Unlike physical stores and organizations that operate during set hours, the IT world never sleeps.
In today’s highly connected digital environment, many believe that when an investment is made in technology, it should be accessible at all times — which is virtually impossible to guarantee. Since disruptions occur, organizations should evaluate the services needed to run operations smoothly. For example, what services are required during an IT service outage to ensure minimal disruptions?
This type of evaluation requires organizations to look at several metrics, including a system’s uptime (or reliability) and availability. Although these two metrics are often used interchangeably, they are not the same.
These two metrics lead us to the uptime myth. Uptime does not mean availability.
Understanding what these two metrics mean and what they don’t can help managed service providers (MSPs) create accurate and transparent agreements.

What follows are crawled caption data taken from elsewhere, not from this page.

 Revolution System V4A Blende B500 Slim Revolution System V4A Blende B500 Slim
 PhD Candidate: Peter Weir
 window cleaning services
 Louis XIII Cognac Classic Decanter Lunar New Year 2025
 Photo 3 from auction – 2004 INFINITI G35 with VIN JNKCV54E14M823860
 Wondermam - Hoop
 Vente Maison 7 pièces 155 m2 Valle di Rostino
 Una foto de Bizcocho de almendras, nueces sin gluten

Uptime refers to the percentage of time a system is ready for operation under normal circumstances. This metric measures system, solution, or infrastructure reliability and most commonly refers to a computer.

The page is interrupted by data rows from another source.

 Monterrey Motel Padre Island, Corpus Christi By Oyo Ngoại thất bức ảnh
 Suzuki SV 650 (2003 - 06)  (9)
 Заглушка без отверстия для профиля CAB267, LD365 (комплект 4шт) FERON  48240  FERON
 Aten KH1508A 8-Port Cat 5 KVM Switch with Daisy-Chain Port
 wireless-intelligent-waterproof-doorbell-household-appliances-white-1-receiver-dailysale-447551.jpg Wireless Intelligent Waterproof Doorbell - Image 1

So, uptime is how long a machine has been working and available, expressed as a percentage of time. However, uptime does not necessarily mean all services and applications are available and ready for use.
When looking at a service-level agreement (SLA), guaranteed uptime is determined by past performance. However, it is not an indicator of what will happen in the future.
So yes, uptime can be an indicator of availability, but it is by no means a guarantee.
The Great Google Outage of 2014 is an excellent example of how a 100-percent uptime is impossible. During this outage, service to Google applications, such as Google+ and Gmail, were down for 25-55 minutes, affecting approximately 10 percent of users. This example shows the conflict that exists between IT reality and consumer expectations. More outages occurred for Google, Facebook, Instagram, Azure, Salesforce, and more in the years to follow. Regardless, consumer expectations remain high.
IT professionals know that 100-percent uptime is a myth, which is why technology is so essential when aiming to deliver a level of service availability that ensures positive customer experiences.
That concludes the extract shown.